Faulty genes might lead to changes in urine that appear early on in Alzheimer’s disease, a new study has found. Although only demonstrated in rodents, if the same holds true for humans, scientists might be able to use these alterations as a way to improve disease detection, a welcomed outcome in the face of today’s growing epidemic.
At present, Alzheimer’s diagnoses often come when obvious mental symptoms start showing – much too late, as by this time the brain has already suffered significant damage. That’s why scientists want to find signs that appear earlier, even in those who are asymptomatic, which would offer opportunities to test drugs that could slow or even halt its progression.
One avenue worth exploring is urine. For years, the chemicals contained in this waste product have been used as an indicator of certain diseases, and some are even characterized by abnormal chemical composition, like some breast cancers. Indeed, studies on mice with models of Alzheimer’s have already found that one particular component is elevated in these rodents, and that increases are apparent prior to the onset of hallmark Alzheimer’s pathology – namely, an increase in toxic bundles of a protein called amyloid-β (Aβ).

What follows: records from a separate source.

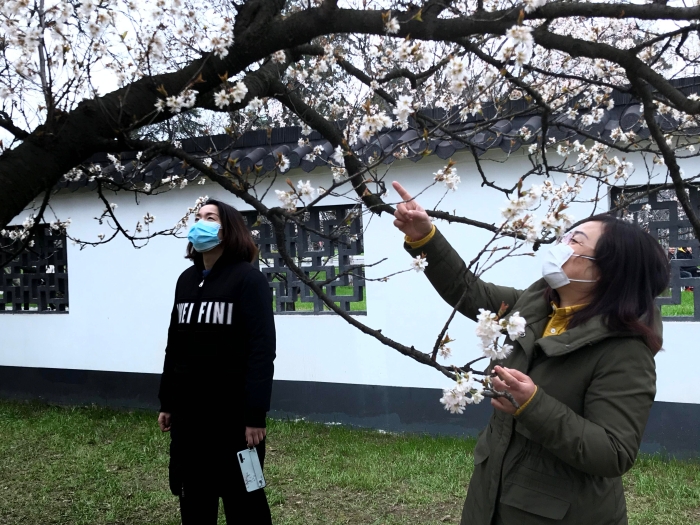 市民在玄武湖赏早樱。南报融媒体记者 李子俊 摄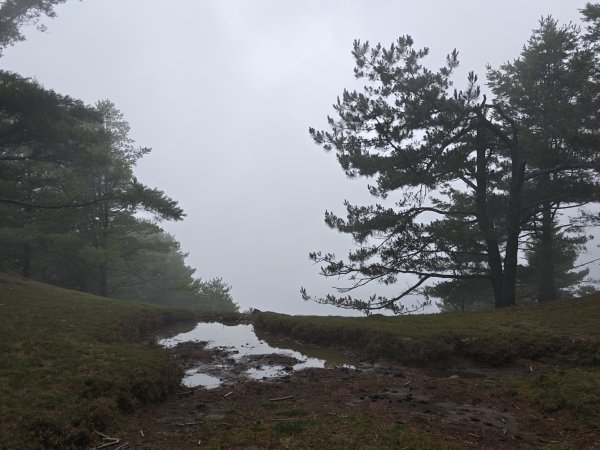 [山海圳_聖山之路_第二段2/4] 2026_0802 星鴉（台灣亞種）3109219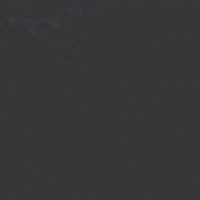 Feliz Cumpleaños GIF by Zhot Shotz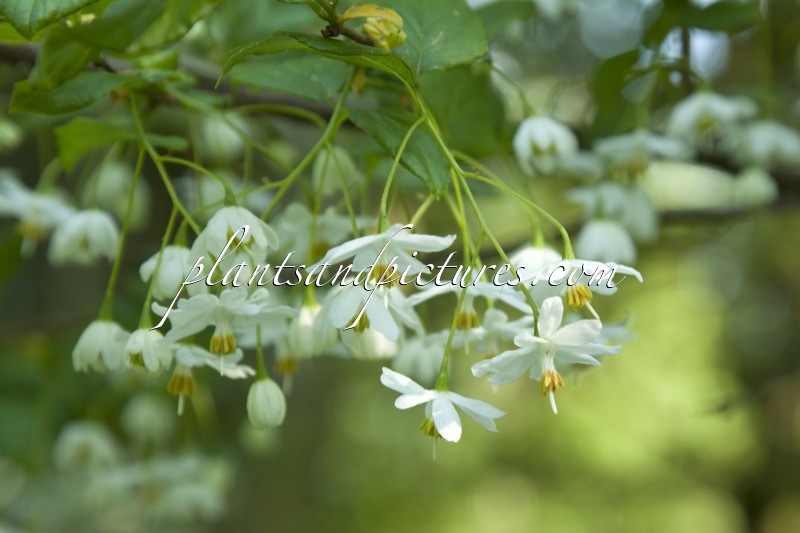 Sinojackia xylocarpa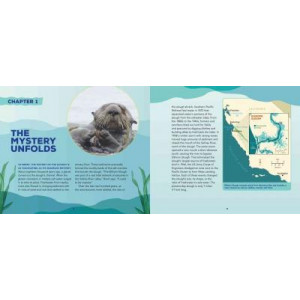 Sea Otter Heroes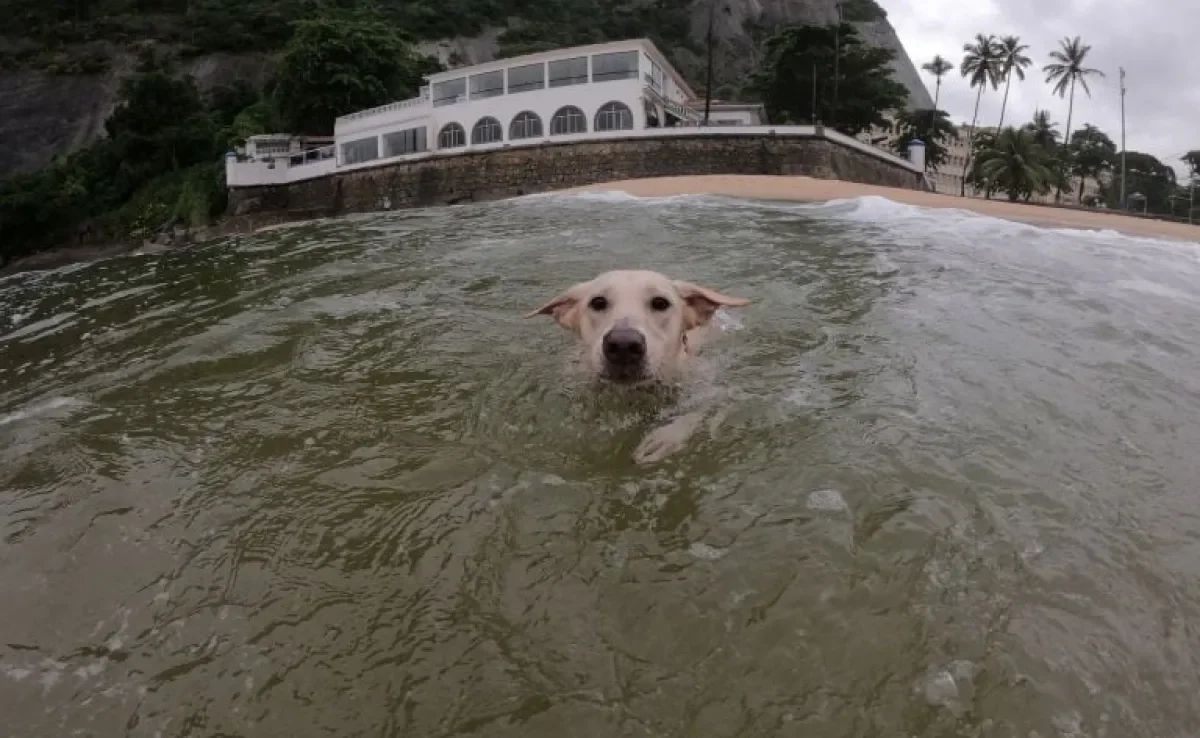  Praia e piscina para cachorro são boas opções de lazer? Dá uma olhada no que esses veterinários falaram sobre isso! 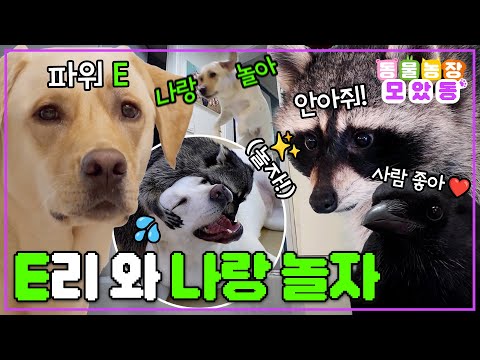 [#모았동물농장] 관심은 모두 E쪽으로 부탁드립니다~😜친화력甲🤩동물들의 하루  #TV동물농장 #AnimalFarm #SBSstory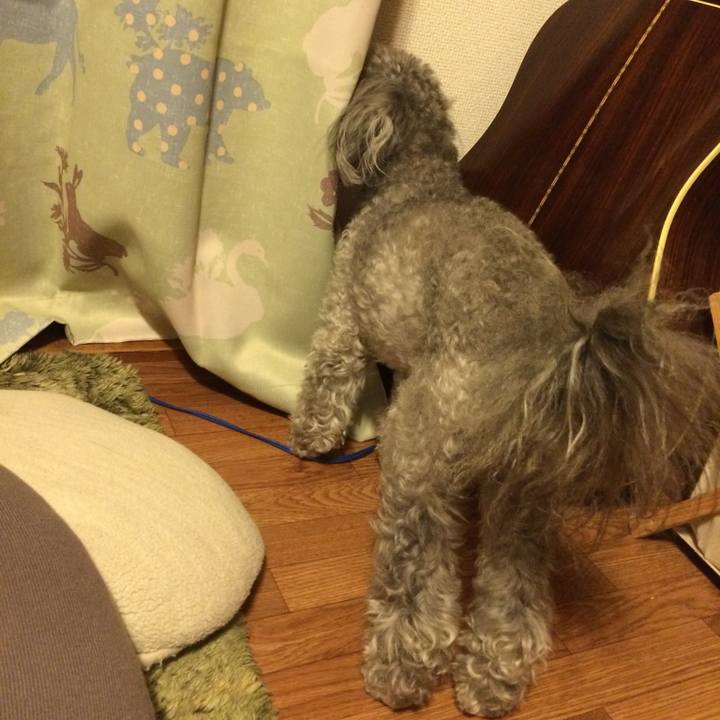 08e96780 4f77 4d60 addb bf0f8f36fb97 1772496661709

To examine this idea further, researchers from the Monell Chemical Senses Center and the U.S. Department of Agriculture used three different rodent models of Alzheimer’s disease. Described in Scientific Reports, each had mutations in the gene responsible for the amyloid precursor protein (APP), the one that gets snipped up to generate Aβ. Similar to humans, these mutations lead to a buildup of Aβ, resulting in the characteristic brain plaques seen in Alzheimer’s patients.
The team wanted to see whether the urine of these animals contained changes in the levels of volatile chemicals, or those that are easily evaporated, so they devised a behavioral “sniff” test. Mice have a keen sense of smell and are highly motivated to seek out and investigate odors, so the team provided mice rodents with urine samples from the mutant rodents, alongside controls, and documented how long they spent sniffing each one. Significant differences in the time spent lingering over the mutant vs control samples indicated the presence of a potent smell in the former.
Next, they performed chemical analyses on the samples to see if these apparent differences were detectable, which revealed the presence of unique odor “signatures” in the mutant mice. Interestingly, the changes didn’t include the appearance of any novel chemicals that were not present in the control mice, but rather alterations to the levels of existing compounds. This could indicate that the mutations are causing some kind of metabolic abnormality in the mice.
Perhaps most importantly, these urine signatures appeared prior to the development of detectable levels of plaque buildup in the brain, which indicates that the shift in chemical concentrations is a result of the mutated gene, rather than an effect of disease progression. This raises the possibility that similar biomarkers may exist in humans that could serve as early indicators of disease, although further studies will be needed to confirm this. But if that turns out to be the case, the researchers suggest it could be useful to combine this data with established tests, such as brain imaging and cognitive analysis.